→ WHAT TO PRODUCE:
Extract from the entries below, exactly as given, only the lines from the line containing "Ресторанный сервис бронирования" to the line containing "(2015–2017) Cherokee (2014–2023)", both lines included.

→ DATA LISTING:
==============================
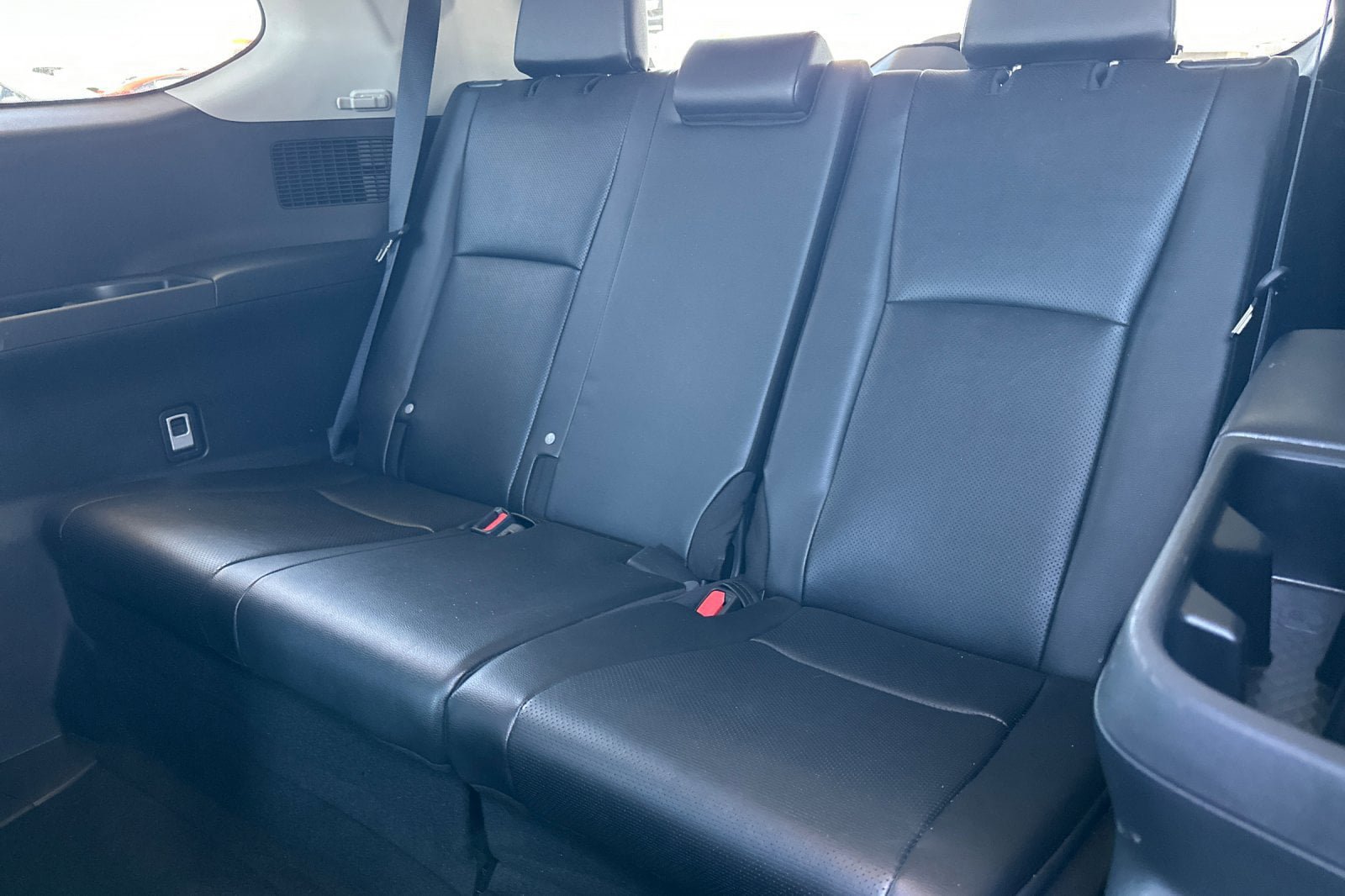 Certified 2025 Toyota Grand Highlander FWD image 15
==============================
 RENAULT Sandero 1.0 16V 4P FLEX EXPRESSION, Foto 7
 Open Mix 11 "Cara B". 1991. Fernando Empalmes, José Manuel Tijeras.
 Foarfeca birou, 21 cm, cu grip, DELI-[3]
==============================
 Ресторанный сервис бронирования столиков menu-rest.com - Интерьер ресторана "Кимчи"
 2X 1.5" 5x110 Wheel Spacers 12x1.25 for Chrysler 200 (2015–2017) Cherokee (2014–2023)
==============================
→ OUTPUT OF THE TASK:
 Ресторанный сервис бронирования столиков menu-rest.com - Интерьер ресторана "Кимчи"
 2X 1.5" 5x110 Wheel Spacers 12x1.25 for Chrysler 200 (2015–2017) Cherokee (2014–2023)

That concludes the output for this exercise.